- **WORK TO COMPLETE**
Treat the line containing "this 320×180 image." as the first line of the answer and the last line of the data as its final line, reproducing every line between exactly.

Stored data entries
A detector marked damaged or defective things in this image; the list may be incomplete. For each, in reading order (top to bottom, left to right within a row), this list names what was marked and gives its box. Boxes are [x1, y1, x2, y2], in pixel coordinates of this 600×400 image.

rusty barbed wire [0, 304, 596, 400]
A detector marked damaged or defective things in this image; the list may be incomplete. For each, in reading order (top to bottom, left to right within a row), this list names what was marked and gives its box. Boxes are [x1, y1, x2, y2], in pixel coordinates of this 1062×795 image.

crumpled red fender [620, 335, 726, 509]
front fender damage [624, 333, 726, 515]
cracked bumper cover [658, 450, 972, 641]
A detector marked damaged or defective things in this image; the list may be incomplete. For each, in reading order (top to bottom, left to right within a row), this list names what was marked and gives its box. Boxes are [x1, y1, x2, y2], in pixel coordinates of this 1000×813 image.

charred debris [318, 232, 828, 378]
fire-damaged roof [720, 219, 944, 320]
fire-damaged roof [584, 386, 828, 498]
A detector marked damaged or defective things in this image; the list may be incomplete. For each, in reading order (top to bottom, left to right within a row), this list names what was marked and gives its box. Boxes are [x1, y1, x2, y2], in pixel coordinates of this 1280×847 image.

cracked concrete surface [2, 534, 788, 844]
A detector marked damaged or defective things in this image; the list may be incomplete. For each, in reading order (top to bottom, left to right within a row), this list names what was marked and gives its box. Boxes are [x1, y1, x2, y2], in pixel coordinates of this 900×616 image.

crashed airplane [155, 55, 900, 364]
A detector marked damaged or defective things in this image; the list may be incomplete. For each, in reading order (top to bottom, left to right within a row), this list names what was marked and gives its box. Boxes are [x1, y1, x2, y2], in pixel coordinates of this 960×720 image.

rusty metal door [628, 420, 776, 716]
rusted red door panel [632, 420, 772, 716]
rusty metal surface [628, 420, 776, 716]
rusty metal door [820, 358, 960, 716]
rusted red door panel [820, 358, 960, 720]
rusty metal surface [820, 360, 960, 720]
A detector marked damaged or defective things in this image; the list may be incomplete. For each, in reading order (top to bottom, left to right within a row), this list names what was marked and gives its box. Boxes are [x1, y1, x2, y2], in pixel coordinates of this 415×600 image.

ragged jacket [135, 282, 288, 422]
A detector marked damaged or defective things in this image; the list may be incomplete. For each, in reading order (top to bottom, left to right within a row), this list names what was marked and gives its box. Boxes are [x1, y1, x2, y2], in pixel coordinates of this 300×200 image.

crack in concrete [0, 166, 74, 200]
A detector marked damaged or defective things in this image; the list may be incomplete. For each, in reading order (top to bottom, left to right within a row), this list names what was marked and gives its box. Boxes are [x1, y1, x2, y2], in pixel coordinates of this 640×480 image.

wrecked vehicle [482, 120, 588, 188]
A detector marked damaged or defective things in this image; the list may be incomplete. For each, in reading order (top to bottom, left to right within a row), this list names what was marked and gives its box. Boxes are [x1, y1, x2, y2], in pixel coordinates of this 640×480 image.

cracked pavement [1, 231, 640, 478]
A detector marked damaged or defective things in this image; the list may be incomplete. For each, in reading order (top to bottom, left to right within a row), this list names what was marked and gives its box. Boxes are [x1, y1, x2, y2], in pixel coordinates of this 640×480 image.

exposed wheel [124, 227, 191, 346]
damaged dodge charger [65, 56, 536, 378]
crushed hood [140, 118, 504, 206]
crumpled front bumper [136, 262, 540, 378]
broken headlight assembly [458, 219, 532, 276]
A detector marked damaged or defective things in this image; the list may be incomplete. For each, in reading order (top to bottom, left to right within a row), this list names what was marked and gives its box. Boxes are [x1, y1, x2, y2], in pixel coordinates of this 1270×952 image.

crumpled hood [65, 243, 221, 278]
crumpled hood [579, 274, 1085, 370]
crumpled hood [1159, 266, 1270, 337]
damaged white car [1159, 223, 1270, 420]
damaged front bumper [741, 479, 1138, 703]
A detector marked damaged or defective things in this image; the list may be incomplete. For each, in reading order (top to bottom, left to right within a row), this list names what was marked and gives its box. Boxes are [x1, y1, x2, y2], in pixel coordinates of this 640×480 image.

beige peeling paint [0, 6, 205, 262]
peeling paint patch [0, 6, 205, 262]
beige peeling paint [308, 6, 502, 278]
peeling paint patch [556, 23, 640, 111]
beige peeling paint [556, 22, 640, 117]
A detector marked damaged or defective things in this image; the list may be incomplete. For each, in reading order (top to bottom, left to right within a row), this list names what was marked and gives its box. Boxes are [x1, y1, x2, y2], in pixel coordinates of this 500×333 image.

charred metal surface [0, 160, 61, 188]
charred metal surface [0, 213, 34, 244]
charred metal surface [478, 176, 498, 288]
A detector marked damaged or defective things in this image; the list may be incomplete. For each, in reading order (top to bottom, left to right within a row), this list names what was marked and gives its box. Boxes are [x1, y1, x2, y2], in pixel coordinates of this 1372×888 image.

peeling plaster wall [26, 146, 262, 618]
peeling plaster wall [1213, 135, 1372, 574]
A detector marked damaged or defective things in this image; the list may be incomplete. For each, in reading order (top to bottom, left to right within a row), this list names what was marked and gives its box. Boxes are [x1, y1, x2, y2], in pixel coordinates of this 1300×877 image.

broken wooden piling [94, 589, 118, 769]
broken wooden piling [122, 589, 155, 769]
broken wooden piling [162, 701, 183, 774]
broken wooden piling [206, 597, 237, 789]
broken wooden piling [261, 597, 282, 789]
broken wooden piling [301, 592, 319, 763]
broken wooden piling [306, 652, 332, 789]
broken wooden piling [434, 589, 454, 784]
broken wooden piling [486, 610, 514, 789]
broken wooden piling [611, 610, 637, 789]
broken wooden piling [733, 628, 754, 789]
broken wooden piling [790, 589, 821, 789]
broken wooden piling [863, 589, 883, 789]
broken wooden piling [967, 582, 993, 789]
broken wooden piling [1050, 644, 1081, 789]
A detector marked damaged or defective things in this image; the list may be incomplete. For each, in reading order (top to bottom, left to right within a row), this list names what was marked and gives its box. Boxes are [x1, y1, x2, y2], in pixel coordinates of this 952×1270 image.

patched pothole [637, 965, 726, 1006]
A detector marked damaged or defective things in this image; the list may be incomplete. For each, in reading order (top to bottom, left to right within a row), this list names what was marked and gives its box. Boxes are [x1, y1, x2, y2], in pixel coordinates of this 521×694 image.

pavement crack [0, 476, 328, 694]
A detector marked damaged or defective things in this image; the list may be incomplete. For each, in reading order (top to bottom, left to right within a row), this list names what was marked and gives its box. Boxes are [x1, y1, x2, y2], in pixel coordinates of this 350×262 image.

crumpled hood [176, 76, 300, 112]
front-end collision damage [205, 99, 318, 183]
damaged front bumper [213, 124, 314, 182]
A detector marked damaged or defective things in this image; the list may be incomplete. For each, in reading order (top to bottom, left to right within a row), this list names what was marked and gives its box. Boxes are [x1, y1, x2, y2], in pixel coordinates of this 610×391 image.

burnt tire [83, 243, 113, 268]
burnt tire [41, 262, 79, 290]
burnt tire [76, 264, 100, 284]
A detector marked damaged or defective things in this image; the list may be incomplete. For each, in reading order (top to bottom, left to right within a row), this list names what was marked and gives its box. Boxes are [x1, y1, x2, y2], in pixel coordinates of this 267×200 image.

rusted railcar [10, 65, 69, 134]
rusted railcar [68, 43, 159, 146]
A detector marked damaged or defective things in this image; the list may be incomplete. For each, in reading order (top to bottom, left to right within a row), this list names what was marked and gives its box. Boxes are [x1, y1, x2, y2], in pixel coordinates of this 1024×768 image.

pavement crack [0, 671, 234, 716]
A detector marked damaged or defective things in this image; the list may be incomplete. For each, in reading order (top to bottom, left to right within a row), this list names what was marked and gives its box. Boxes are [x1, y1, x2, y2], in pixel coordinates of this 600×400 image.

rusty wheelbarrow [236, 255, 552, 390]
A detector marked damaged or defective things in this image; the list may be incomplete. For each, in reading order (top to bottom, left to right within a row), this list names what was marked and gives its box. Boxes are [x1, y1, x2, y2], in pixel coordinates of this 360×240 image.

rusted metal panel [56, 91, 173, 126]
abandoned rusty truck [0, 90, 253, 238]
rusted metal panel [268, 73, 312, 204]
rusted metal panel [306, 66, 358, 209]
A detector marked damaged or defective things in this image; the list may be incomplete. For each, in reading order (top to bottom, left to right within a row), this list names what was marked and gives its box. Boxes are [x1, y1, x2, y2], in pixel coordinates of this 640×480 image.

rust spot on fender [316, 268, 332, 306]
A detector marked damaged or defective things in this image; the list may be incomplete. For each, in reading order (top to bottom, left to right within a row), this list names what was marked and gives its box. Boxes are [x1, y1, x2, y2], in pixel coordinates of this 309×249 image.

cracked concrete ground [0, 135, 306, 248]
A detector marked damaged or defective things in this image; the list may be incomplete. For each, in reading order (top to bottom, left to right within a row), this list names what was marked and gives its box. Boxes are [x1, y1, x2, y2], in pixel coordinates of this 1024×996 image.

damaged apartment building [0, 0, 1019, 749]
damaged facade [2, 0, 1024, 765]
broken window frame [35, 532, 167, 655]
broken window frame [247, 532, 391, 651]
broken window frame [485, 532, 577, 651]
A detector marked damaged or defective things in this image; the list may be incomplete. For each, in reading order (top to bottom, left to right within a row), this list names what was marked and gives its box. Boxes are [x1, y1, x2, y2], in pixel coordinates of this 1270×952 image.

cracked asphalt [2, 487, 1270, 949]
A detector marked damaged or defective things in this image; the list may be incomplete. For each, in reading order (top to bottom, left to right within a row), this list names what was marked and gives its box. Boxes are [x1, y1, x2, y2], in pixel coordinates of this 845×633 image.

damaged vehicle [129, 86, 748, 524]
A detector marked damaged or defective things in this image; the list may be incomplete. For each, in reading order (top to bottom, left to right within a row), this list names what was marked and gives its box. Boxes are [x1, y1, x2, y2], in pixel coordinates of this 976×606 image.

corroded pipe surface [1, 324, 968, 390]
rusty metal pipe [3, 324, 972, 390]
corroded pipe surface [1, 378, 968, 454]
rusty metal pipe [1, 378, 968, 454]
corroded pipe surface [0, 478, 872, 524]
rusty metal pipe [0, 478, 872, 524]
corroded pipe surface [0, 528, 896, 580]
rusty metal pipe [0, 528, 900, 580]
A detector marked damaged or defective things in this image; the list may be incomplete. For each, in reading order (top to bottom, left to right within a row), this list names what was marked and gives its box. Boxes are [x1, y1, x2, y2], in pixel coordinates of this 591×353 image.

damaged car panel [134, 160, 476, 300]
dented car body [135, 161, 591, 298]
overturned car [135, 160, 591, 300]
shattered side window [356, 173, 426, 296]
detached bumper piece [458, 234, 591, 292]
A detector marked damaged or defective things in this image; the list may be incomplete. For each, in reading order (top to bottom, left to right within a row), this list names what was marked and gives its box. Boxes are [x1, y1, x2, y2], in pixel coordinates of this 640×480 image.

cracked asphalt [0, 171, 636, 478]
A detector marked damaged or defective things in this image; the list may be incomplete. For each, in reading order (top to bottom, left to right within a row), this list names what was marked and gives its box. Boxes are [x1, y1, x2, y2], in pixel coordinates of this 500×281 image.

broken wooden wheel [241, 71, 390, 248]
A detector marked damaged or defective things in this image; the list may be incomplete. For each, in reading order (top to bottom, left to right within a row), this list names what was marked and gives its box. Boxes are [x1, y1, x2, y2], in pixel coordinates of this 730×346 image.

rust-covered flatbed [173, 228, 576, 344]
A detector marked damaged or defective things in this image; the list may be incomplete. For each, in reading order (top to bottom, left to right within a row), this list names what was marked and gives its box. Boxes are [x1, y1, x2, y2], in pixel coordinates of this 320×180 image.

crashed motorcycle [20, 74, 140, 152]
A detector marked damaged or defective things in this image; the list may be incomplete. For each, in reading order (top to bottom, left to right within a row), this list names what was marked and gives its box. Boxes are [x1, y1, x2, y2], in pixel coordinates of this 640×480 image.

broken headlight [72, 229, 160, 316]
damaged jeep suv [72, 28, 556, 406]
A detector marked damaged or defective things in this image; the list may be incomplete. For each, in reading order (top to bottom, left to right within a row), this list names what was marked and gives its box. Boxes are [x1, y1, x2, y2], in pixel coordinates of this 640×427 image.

- **RESULT OF THE TASK**
A detector marked damaged or defective things in this image; the list may be incomplete. For each, in reading order (top to bottom, left to right within a row), this list names what was marked and gives its box. Boxes are [x1, y1, x2, y2], in pixel coordinates of this 320×180 image.

crashed motorcycle [20, 74, 140, 152]
A detector marked damaged or defective things in this image; the list may be incomplete. For each, in reading order (top to bottom, left to right within a row), this list names what was marked and gives its box. Boxes are [x1, y1, x2, y2], in pixel coordinates of this 640×480 image.

broken headlight [72, 229, 160, 316]
damaged jeep suv [72, 28, 556, 406]
A detector marked damaged or defective things in this image; the list may be incomplete. For each, in reading order (top to bottom, left to right within a row), this list names what was marked and gives its box. Boxes are [x1, y1, x2, y2], in pixel coordinates of this 640×427 image.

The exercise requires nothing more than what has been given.